The Semantic Desktop - a new hope for Personal Information Management

Monday, December 1st

Leo Sauermann - German Research Center for Artificial Intelligence (DFKI), Germany

With today's operating systems it is possible to store a file to a folder, but not to a project or a person. Applications do not share concepts of persons or projects. In the Semantic Web effort, the W3C has proposed standards for the management of metadata.

This talk is about a merge of Semantic Web and Personal Computers resulting in the Semantic Desktop. Existing data sources are adapted to RDF, enabling integration across applications. Different projects aim at implementing the new paradigm, in the talk the open source frameworks published by the NEPOMUK project are presented.

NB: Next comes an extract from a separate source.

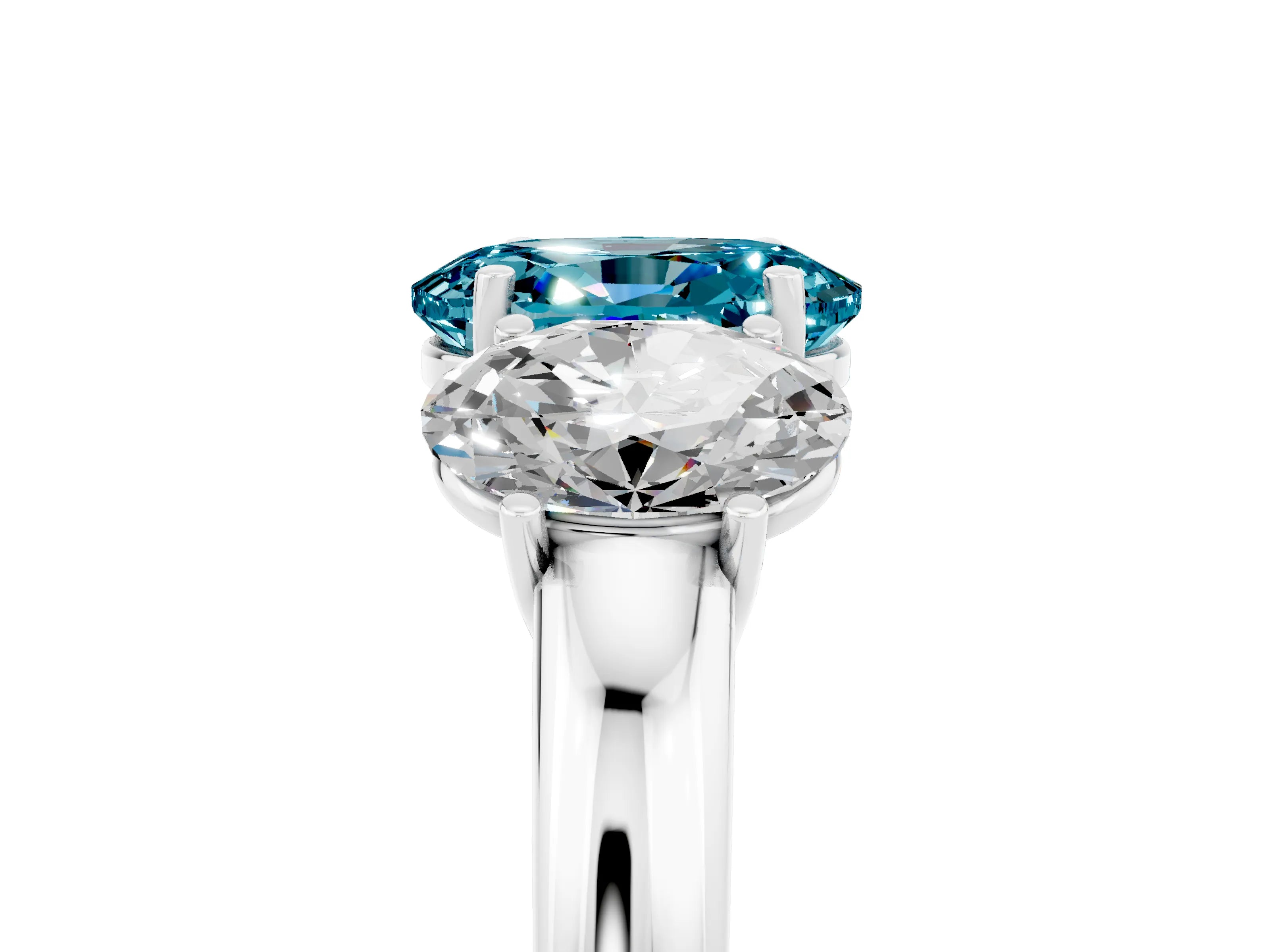 White gold Oval Cut Blue Topaz Three-Stone Ring with Four-Prong Setting and Classic Band_5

Bringing Pervasive services to Mobile Users

Monday, December 15th

Massimo Paolucci - NTT DoCoMo, Germany

We are living in a world in which digital services are increasingly provided at the "street level". Such services are becoming one of the media through which we interact with the environment. In this trend, mobile phones are the tool through which we gain access to these services, and through them to operate in the real world. This poses new problems of how to discover services in a contextual way, how to provide them in such a way that they make sense to a busy user on the run, and how to support the user when things go wrong. In this talk I will discuss our experience with developing a mobile platform to deploy on mobile phones for intelligent service provisioning.

Identity and access management in Austrian portal network "Portalverbund"

Monday, January 12th

Gerold Pesendorfer, Peter Pichler - LFRZ GmbH, Austria

The Portalverbund - as part of the Austrian e-government strategy - is used within the most important governmental G2G applications such as ZMR (Central Register of Residents), EKIS (Police Information System), or FSR (Register for driving licenses). The participants (e.g. ministries, federal countries and other public organisations) run user portals to administrate access rights for all applications needed. Organisations providing applications are using an application portal which controls the access of user portals to their applications. The technical base for the communication between users and applications is the Portalverbund-Protocol (PVP). The newest challenge in this context is the usage of Portalverbund for B2G communication.

Adapting to Users in Recommender Systems

Monday, January 19th

Francesco Ricci - Free University of Bozen-Bolzano, Italy

Recommender systems have emerged as an important part of the solution to the information overload problem facing today's Web users. Combining ideas and techniques from information filtering, user modeling, artificial intelligence, and human-computer interaction, recommender systems provide users with proactive suggestions that are tailored to meet their particular information need. In this talk I will present some novel recommendation technologies that are making recommender systems more adaptive to the user. Here, the focus of the adaptation is on the interaction process, i.e., to the various actions the system may perform to better help the users in achieving their specific information goals.

Blog Mining - Market Research done easily?

Monday, January 26th

Bettina Berendt - Katholieke Universiteit Leuven, Belgium

The easy availability and large quantity of opinions in blogs and other forms of "user-generated content" on the Web offer an opportunity to complement laborious and expensive techniques of market research by techniques of data mining, which enable easy and fast analysis of large amounts of data. In this talk, an overview of current techniques, and its possibilities and limitations will be discussed. Topics include the maturity and the politicization of the German blogosphere and the semantic content of tags.